Directed by Hal Bartlett
Aspect Ratio: 2.35:1 anamorphic
Running Time: 99 minutes
Audio: Dolby Digital 2.0 mono English, French
MSRP: $ 14.99
Release Date: October 2, 2007
Review Date: March 2, 2008
Films produced from blockbuster best sellers have been a film staple for decades. Sometimes, there is both critical and commercial success (Gone With the Wind, The Godfather). At other times, the reviews might not be sterling, but the public comes in droves (Valley of the Dolls, Love Story). And more often than studios would like, the results are sometimes critical and box-office disasters (Bonfire of the Vanities, Breakfast of Champions). Jonathan Livingston Seagull was certainly a runaway best seller for many months, but its film adaptation is limp and unforgivably pretentious. Watching it decades after its flower power/hippy-dippy “love is all” mantra has grown somewhat stale from lack of immediate practical application, the film now is more akin to cinematic Sominex.
Jonathan Seagull (voiced by James Franciscus) longs to fly higher, faster, and farther than any other gull in his flock, but he’s devoutly uninterested in being one of the crowd and scavenging for fish heads. Due to his disobedience of his parents (Dorothy McGuire, Richard Crenna), he’s banished from his flock by the elder gull (Hal Holbrook). He then begins his journey of existential discovery where after some initial failure, he accomplishes his aims and then enters into a Christ-like metaphysical state in which he begins to take on the responsibility of instructing other gulls to follow his path to self awareness and fulfillment. Apart from one encounter with a vindictive hawk, the story is without involving conflict and counts on the breathtaking nature cinematography to hold the audience’s attention since the narrative itself is so meager.
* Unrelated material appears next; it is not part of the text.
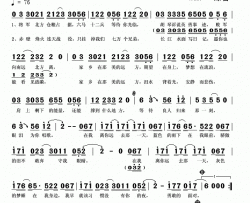 三国恋简谱(歌词)-TANK演唱-秋叶起舞制谱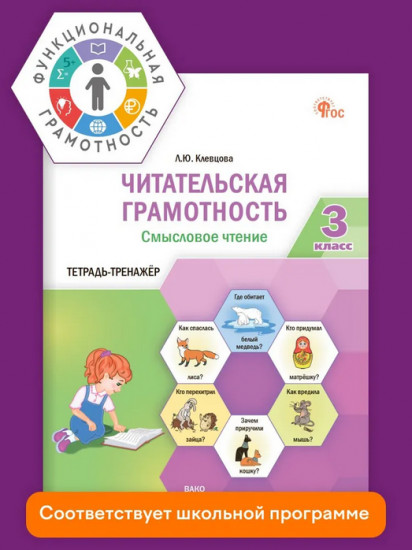 Читательская грамотность. Смысловое чтение. 3 класс. Тетрадь-тренажёр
The nature photography on display in this Panavision film is quite astounding for 1973 (it earned one of the film‘s two Oscar nominations; the other was for film editing), but in this day and age of high definition Planet Earth presentations, it’s decidedly humdrum now. And the actors who have been hired to voice the thoughts of the birds speak so quietly and inwardly that their voices undoubtedly lull one to repose. Neil Diamond has contributed a half dozen songs to the soundtrack to comment mystically on the situations being shown and the decisions being made. The score won him a Grammy and a Golden Globe, and it’s likely the only claim to fame the film truly possesses. As for the rest, its moralizing and behavioral assertions seem childish now, and the 99-minute running time of this DVD is some fifteen minutes shorter than its running time of record.
The film’s 2.35:1 Panavision aspect ratio is presented in an erratic anamorphic transfer. Though some of it looks sharp and clear, there are other sequences which are soft and others that are even out of focus. Grain comes and goes, and a couple of thin white scratches appear and disappear with irritating regularity. The film is divided into 6 chapters.
The Dolby Digital 2.0 mono audio track is decoded by Dolby Prologic IIx properly into the center channel. The music could definitely have used at least a stereo soundtrack recording to open up the film’s aural presentation, and the grandiose quality of and activity in the skies Jonathan flies through might also have benefited from some discreet surround activity. The vocal performances of the actors are recorded clearly, but the overall audio effect is decidedly small and underwhelming.
There are no bonus features of any kind on the disc.
Jonathan Livingston Seagull obviously meant a great deal to readers in the early 1970s who kept it a best seller for over a year. The slim story does not translate well to the screen, however, and the things which worked for it best back then (the cinematography and music) have been far surpassed over the decades by more worthwhile and involving endeavors. It’s for the curious only.